> TASK TO COMPLETE
Please retype the listing below word for word and exclude its images.

> MATERIAL FOR THE TASK

━━━━━━

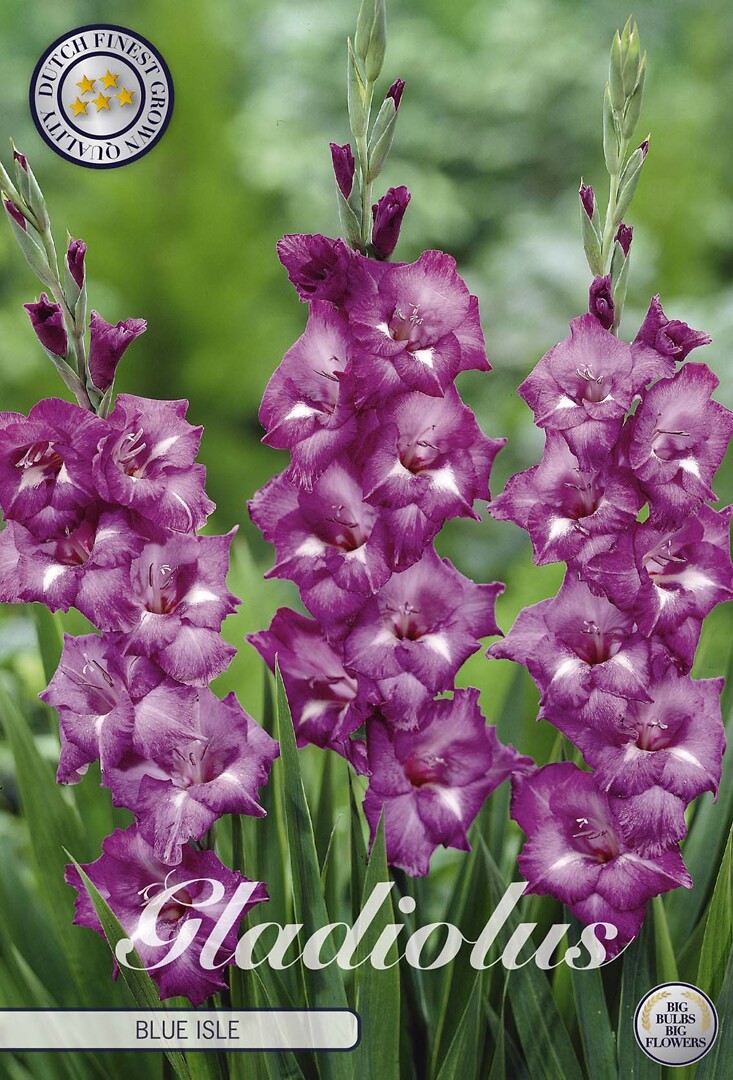 Gladiolus Blue Isle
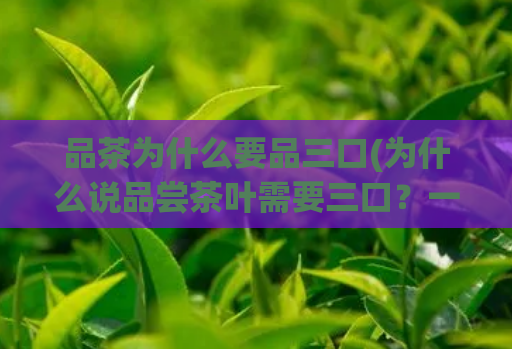 品茶为什么要品三口(为什么说品尝茶叶需要三口?一看就懂茶道礼仪)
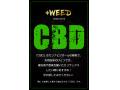 プラスウィード スターターキット CBD3％<ピーチシャンパン> 画像2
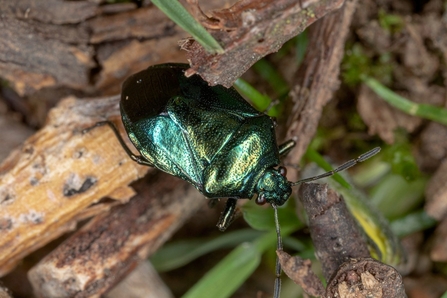 An iridescent blue-green coloured Blue Shieldbug sitting on some logs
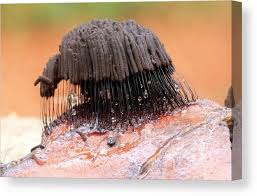 Attēlu rezultāti vaicājumam “Stemonitis fusca”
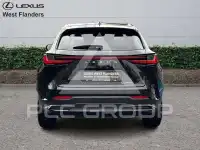 2024 Lexus NX250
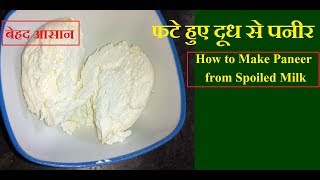 Fate Hue Dudh se Paneer Banana  How to Make Paneer from Spoiled Milk [upl. by Gladi318]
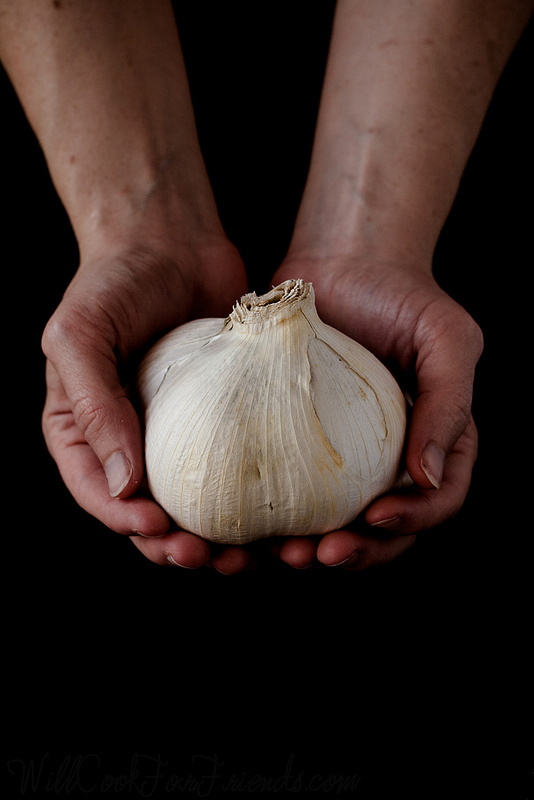 Elephant Garlic - what it is and how to use it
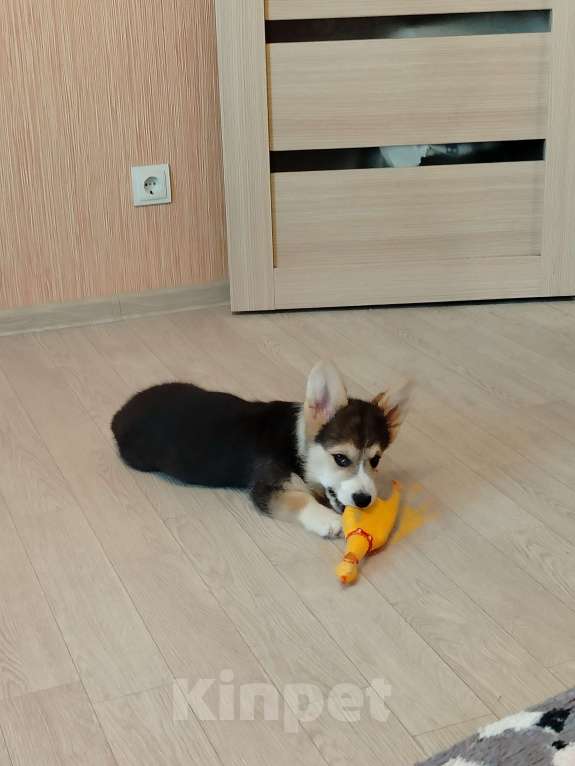 Собаки в Барнауле: Малыш вельш корги пемброк Мальчик, 45 000 руб. - фото 2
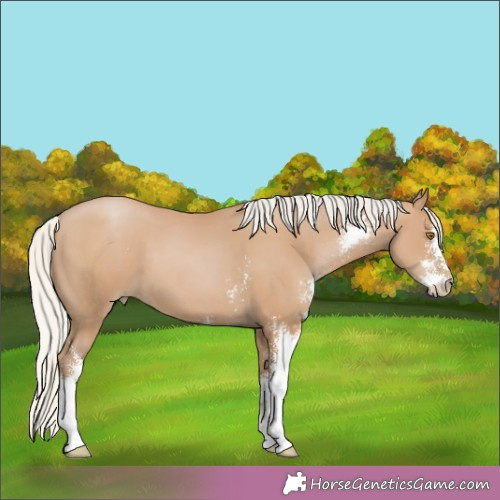 Horse Color:Silver Black Pearl Sabino 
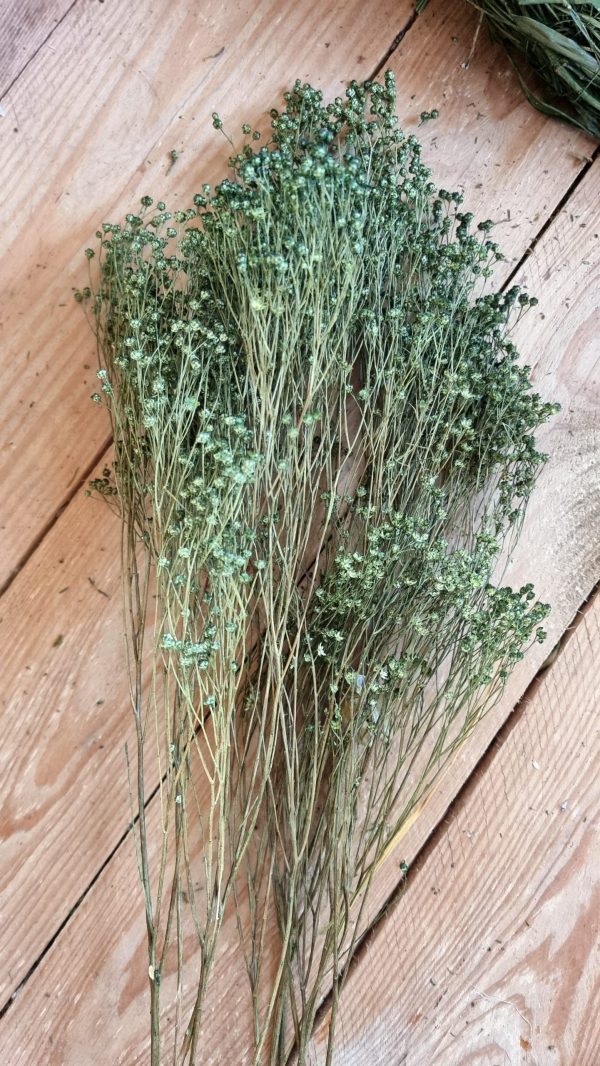 Trockenblumen getrocknet grün im Mrs Greenery Shop bestellen kaufen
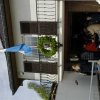 2008_1.Mai_063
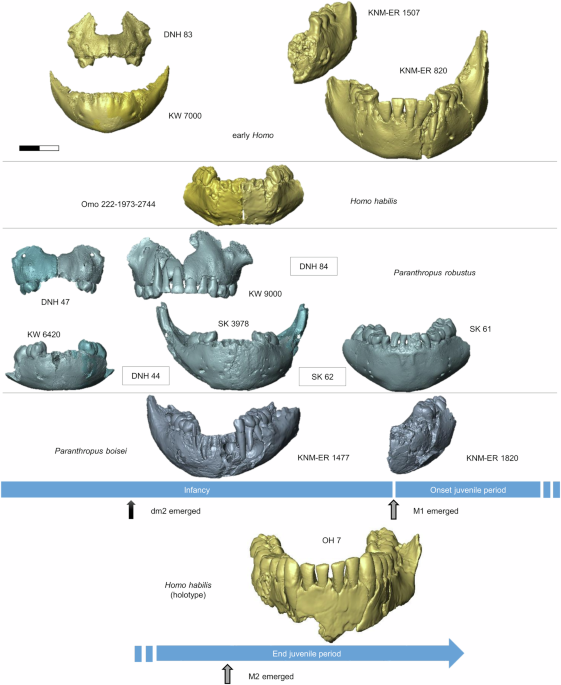 Infant craniofacial diversity in Early Pleistocene Homo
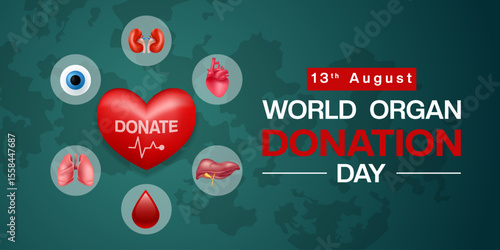 13 th August is World Organ Donation Day. Heart, lung, kidney and more. Great for posters, banners and social media. Dark green background.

━━━━━━

> EXERCISE SOLUTION
 Gladiolus Blue Isle
 品茶为什么要品三口(为什么说品尝茶叶需要三口?一看就懂茶道礼仪)
 プラスウィード スターターキット CBD3％<ピーチシャンパン> 画像2
 An iridescent blue-green coloured Blue Shieldbug sitting on some logs
 Attēlu rezultāti vaicājumam “Stemonitis fusca”
 2024 Lexus NX250
 Fate Hue Dudh se Paneer Banana  How to Make Paneer from Spoiled Milk [upl. by Gladi318]
 Elephant Garlic - what it is and how to use it
 Собаки в Барнауле: Малыш вельш корги пемброк Мальчик, 45 000 руб. - фото 2
 Horse Color:Silver Black Pearl Sabino 
 Trockenblumen getrocknet grün im Mrs Greenery Shop bestellen kaufen
 2008_1.Mai_063
 Infant craniofacial diversity in Early Pleistocene Homo
 13 th August is World Organ Donation Day. Heart, lung, kidney and more. Great for posters, banners and social media. Dark green background.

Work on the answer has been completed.